In fact, some of the newer residents at the Astor House were former Chateau House tenants before they were told to leave.

Residents in Rogers Park said they have been meeting in their building's laundry room over the past few months to organize against the new owners.

Tenant Arbie Bowman, 45, said she'd lived in the building with her daughter for 2½ years before she was served an eviction notice.

Bowman said she's suffered through bed bug infestations that forced her 8-year-old daughter to sleep on a coffee table to avoid being bitten.

"My daughter can't even take a bath," she said, because of mold in the bathroom affecting the girl's asthma. Sometimes the water doesn't get hot enough to take a shower, she said.

"No one should have to live in these conditions," she said.

Bowman said she pays $550 a month for a one-bedroom apartment. Similar apartments offered by BJB Properties lease for up to $1,295 a month, according to its website.

She said because of the Astor House's reputation of being ridden with bed bugs, she has had a hard time getting landlords to accept her application elsewhere.

Bowman might have to move into a shelter, where she had once lived before.

"I told my daughter that she'd never see a shelter as long as I'm a live," she said, worrying she'd break the promise is she had to leave the Astor House.

Paul Bernstein, a lawyer specializing in landlord-tenant issues, represents a dozen of the tenants he said have been served eviction notices, including Bowman and her daughter.

"It certainly seems the intent is that the new owners want to get everyone out to rehab it," Bernstein said Thursday in a phone interview.

Bernstein said he's arguing in court that the evictions were given in retaliation to tenants who reported problems in the building, like pests and faulty elevators.

"I just think some landlords — they’ll take the second syllable of landlord too much to heart," he said. "It borders on class warfare."

Bernstein, a self-described advocate for the tenants, said the property owner's lawyers refuse to sit down with him to discuss ways to help the tenants of the Astor House find alternate housing.

"If BJB wants to do wonderful things, maybe they should start to be perceived as wonderful people and help people move on," Bernstein said. "This is America for God's sake. Why can’t these people be treated properly as human beings?"

The tenants have also faced attempted arson and flooding at the building.

In early January, an unknown person set fire to a garbage bag in the Astor House's stairwell. Then less than a week later, it happened again on a different floor, according to police reports obtained by DNAinfo.com Chicago.

Residents say they don't know who set the fires, but burn marks remain on two levels of the building.

In another incident, someone had unrolled permanent fire hoses on three different floors in the building's stairwell, turned them on, and flooded several apartments, according to another police report dated Jan. 6.

Damage from the flooding is still visible on the ceiling of Arbie Bowman's eighth-floor apartment.

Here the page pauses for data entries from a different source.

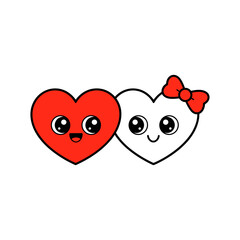 Cute Kawaii Heart Couple Adorable Love Characters with Bow in Red Vector Illustration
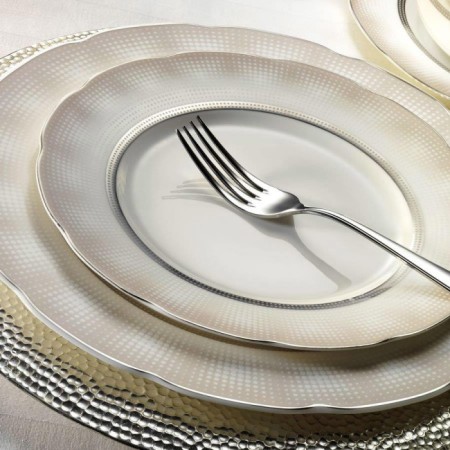 Kütahya Porselen BNOLY62YT4309282 Bone Olympos 12 Kişilik 62 Parça Yuvarlak Platin Yemek Takımı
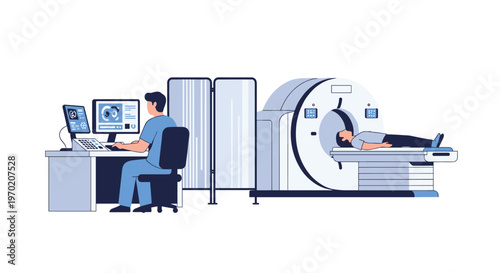 A male technician monitors a patient undergoing an MRI scan behind a privacy screen in a medical facility.
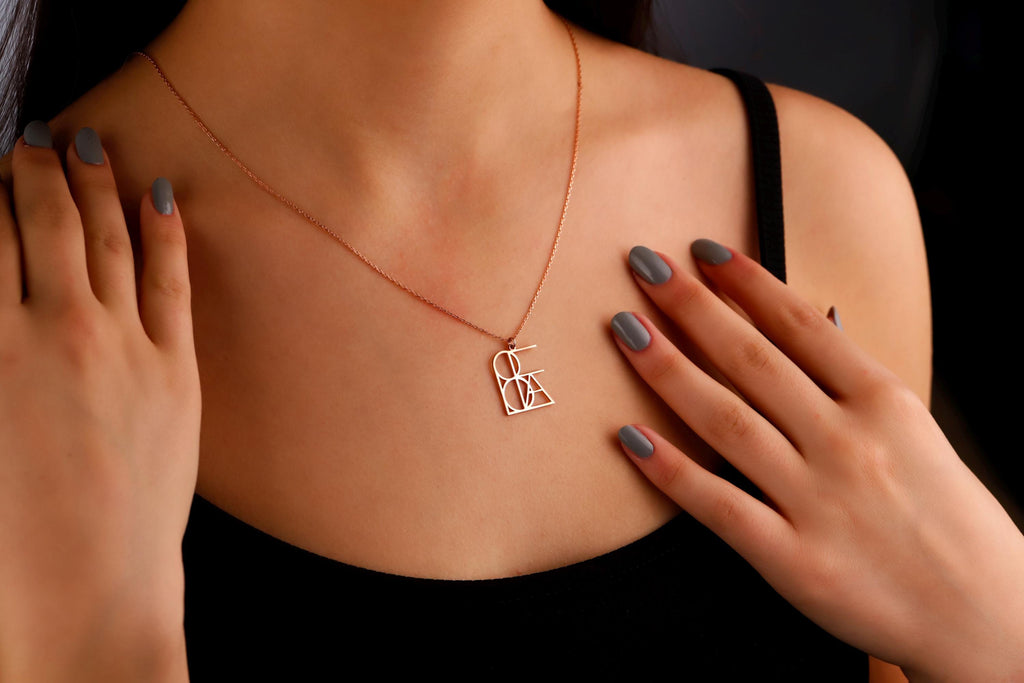 SilverGoldandRose Personalized Logo Necklace Hand-Drawn Sterling Silver Pendant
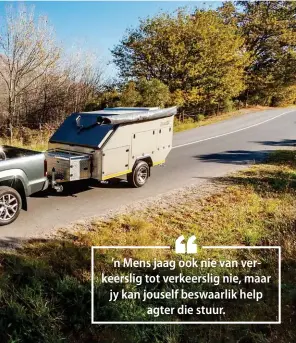  ??  ?? ’n Mens jaag ook nie van verkeersli­g tot verkeersli­g nie, maar jy kan jouself beswaarlik help agter die stuur.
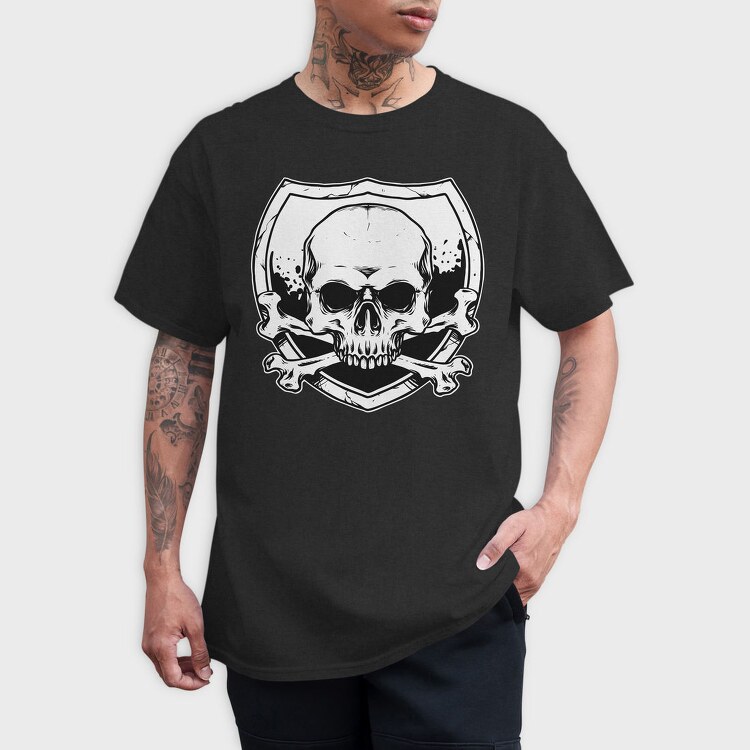 Skull Crossbones Shield, Tricou Barbati (Unisex)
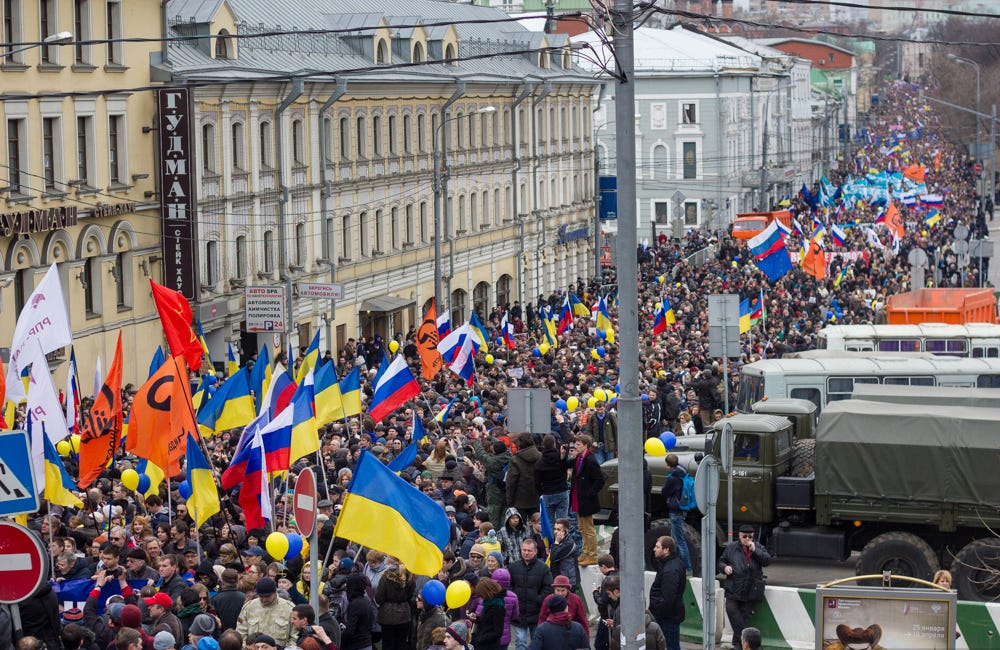L'opposizione russa: Marzo 2014 - proteste in diverse città contro l'invasione militare in Ucraina 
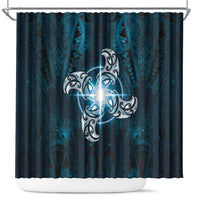 New Zealand Matariki Waita Shower Curtain Maori Moko Dark Blue Galaxy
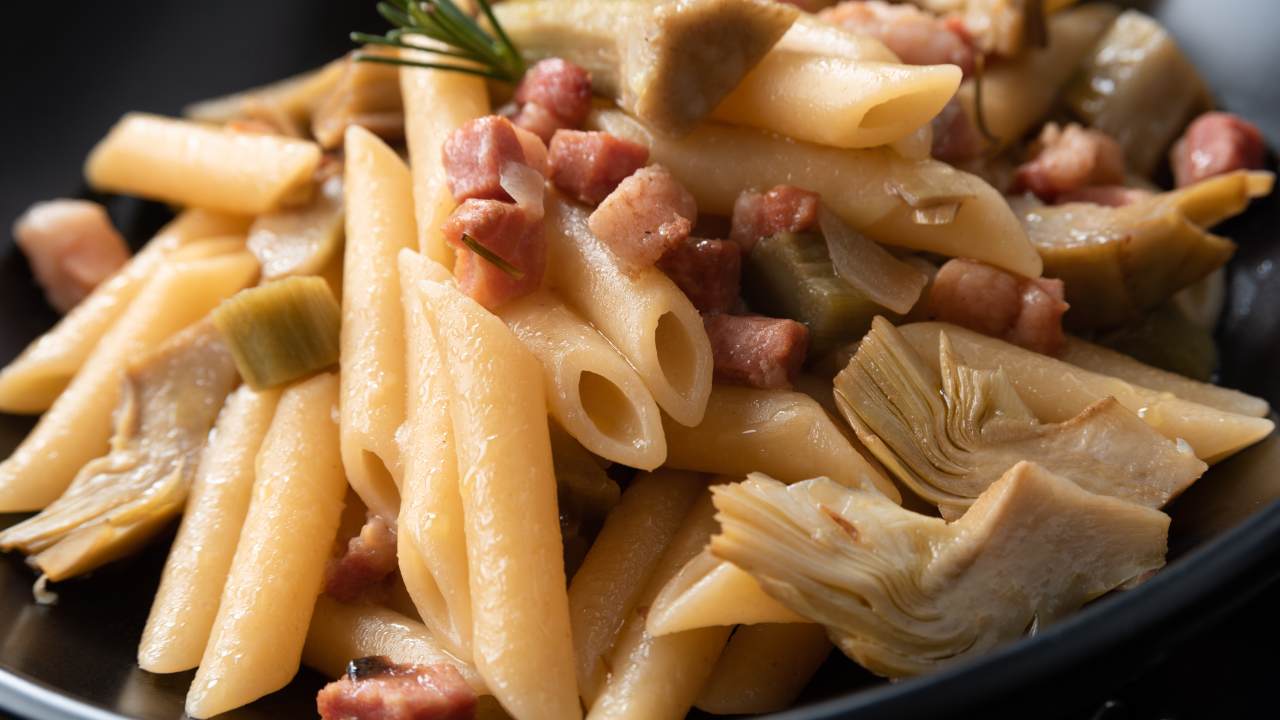 penne carciofi guanciale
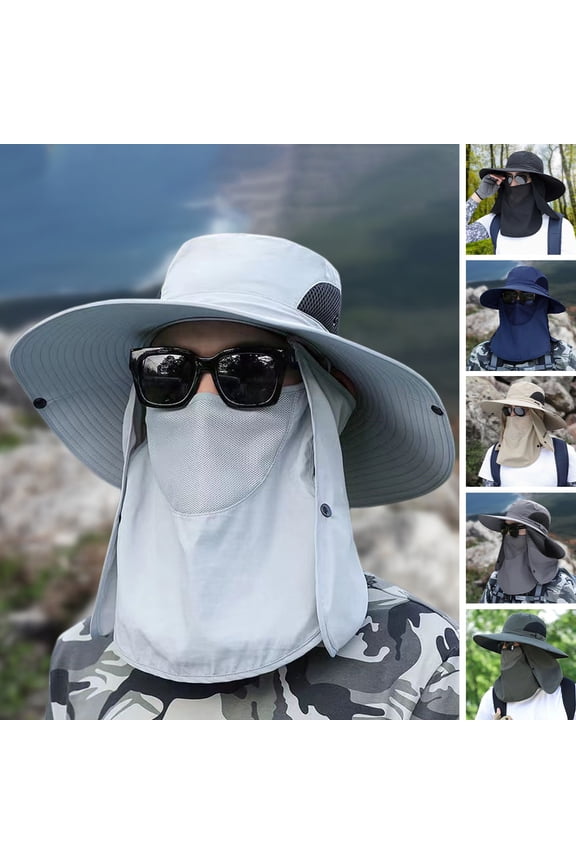 Unisex Sunhat with Detachable Front Cover Face Neck Anti UV Sunscreen Long Brim Outdoor Fishing Cycling Gardening Camping Cap
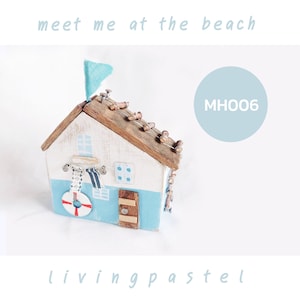 Little wooden beach cottage, Beach Diorama, Personalised wooden house, Tiny Rustic House, Driftwood Cottage Miniature House, New Home Gift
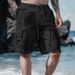 Men's Cargo Shorts With Multiple Pockets & Drawstring - Breathable Linen Cotton Summer Shorts For Beach, Hiking & Casual Wear_voghion.com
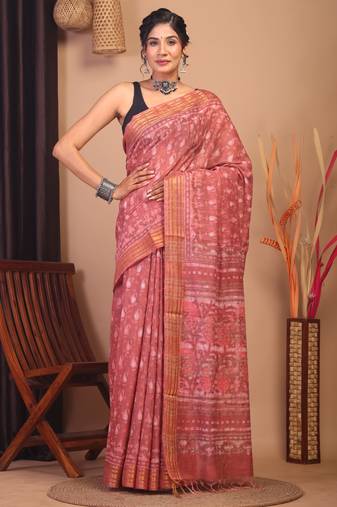 peach zari work cotton silk blend bhagalpuri ethnic saree with unstitched blouse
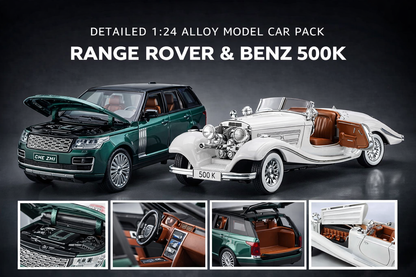 Pack Voitures Miniatures Luxe 1:24 Mercede Benz 500K+Land Rover Range Rover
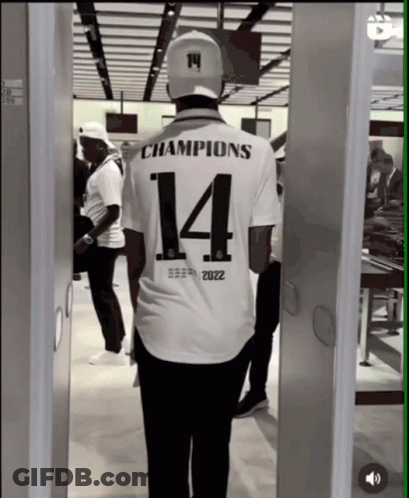 Man In White Shirt Saying Champions 14 GIF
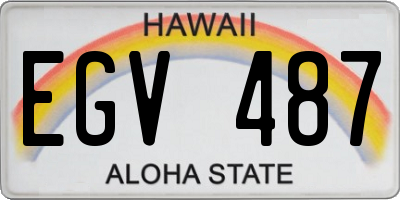 HI license plate EGV487
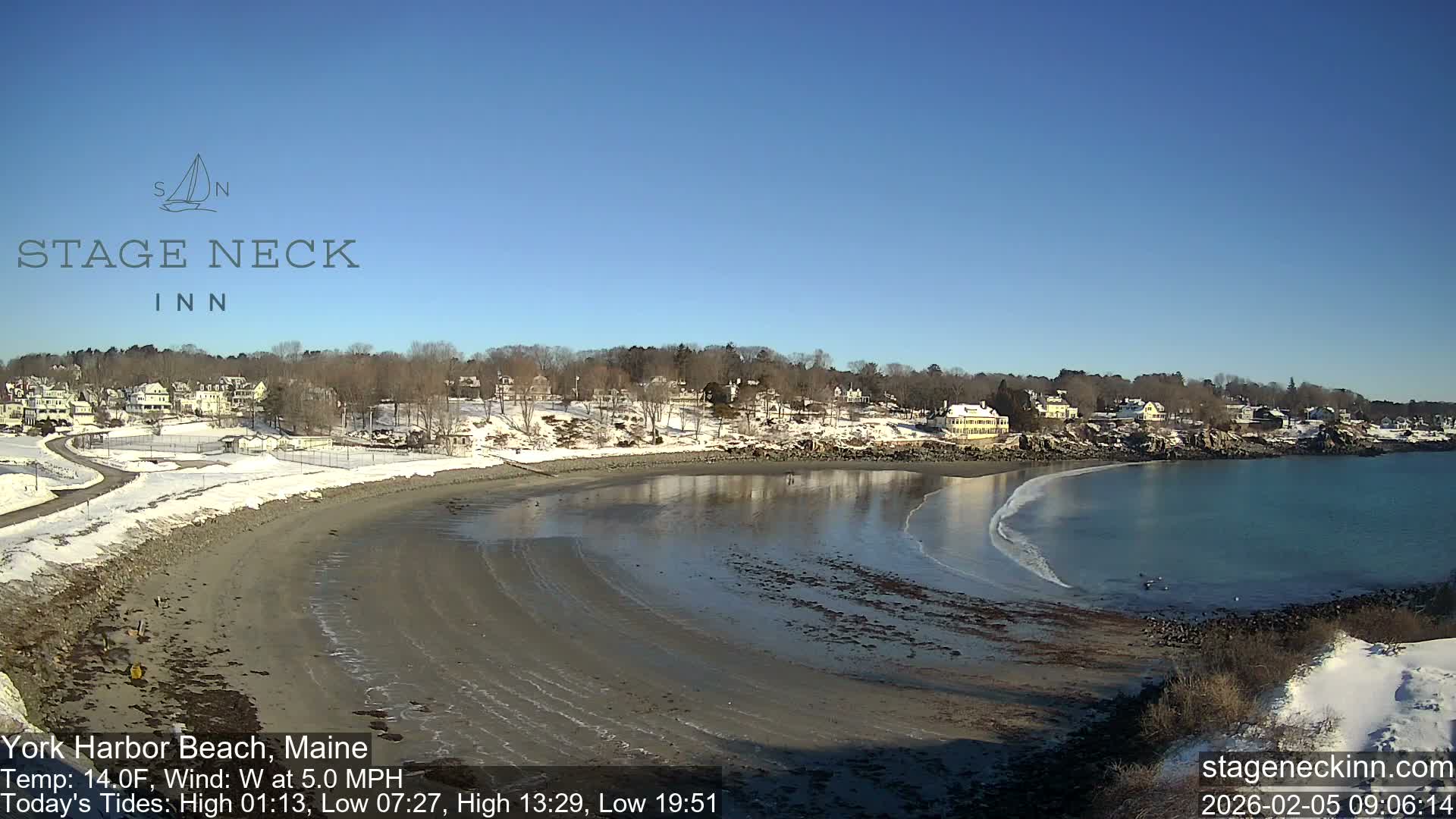 York Harbor Beach Live Cam, Maine USA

Bowman said she called Ald. Joe Moore's 49th ward office and complained about her situation. Other residents had as well.

When reached by email Thursday, Moore said he had received the complaints and planned to sit down with the new owners, whom he had yet to identify.

"This building has been on our radar screen for the last several years," he said. His office had taken the previous managers through housing court.

Moore said he did not know if the new owners planned to "empty out the building" for renovations.

"But given the state of disrepair of the building," he said, it would not surprise him.